▸ **WHAT YOU NEED TO DO**
Starting at the line holding "renault megane 2007" and finishing at the line holding "Mountain Pizzeria Restaurant", transcribe the material exactly, keeping both ends but no pictures.

▸ **TASK MATERIAL**

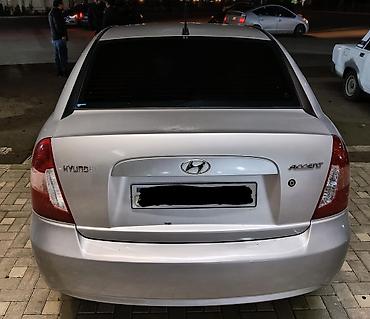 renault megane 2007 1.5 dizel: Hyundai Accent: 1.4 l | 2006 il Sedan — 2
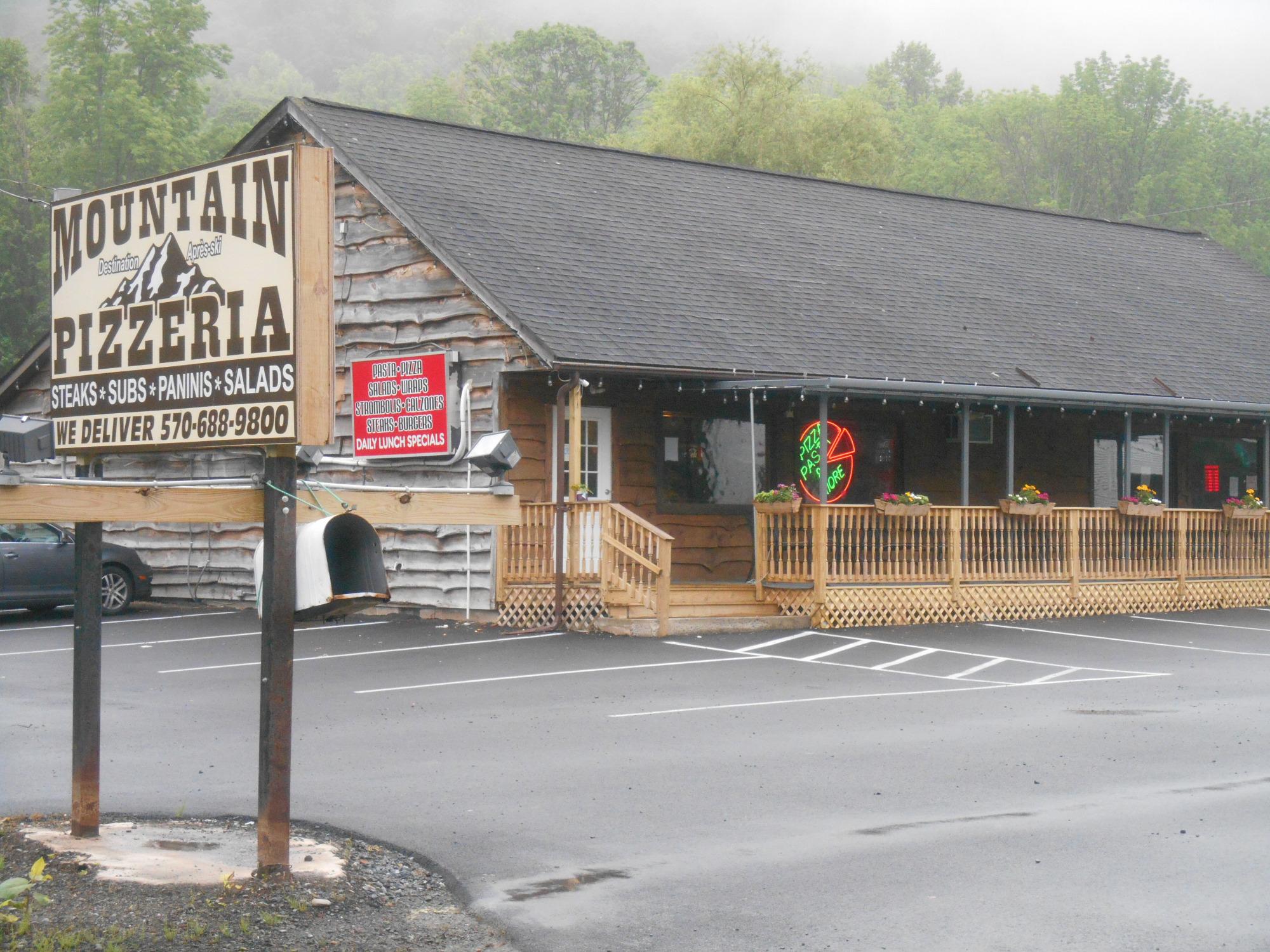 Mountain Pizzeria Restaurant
...
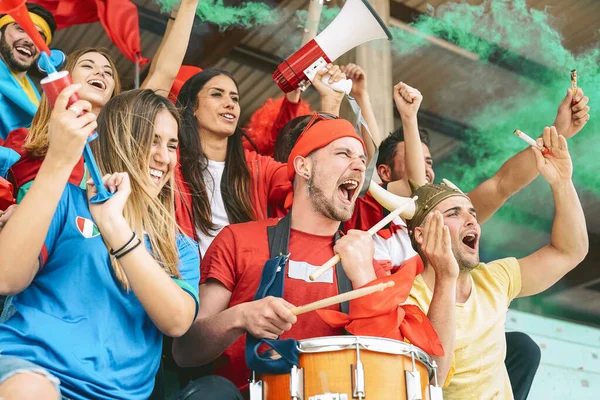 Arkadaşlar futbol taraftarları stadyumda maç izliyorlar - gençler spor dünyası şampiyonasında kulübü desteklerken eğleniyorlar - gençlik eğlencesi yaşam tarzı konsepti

▸ **ANSWER FOR THE TASK**
 renault megane 2007 1.5 dizel: Hyundai Accent: 1.4 l | 2006 il Sedan — 2
 Mountain Pizzeria Restaurant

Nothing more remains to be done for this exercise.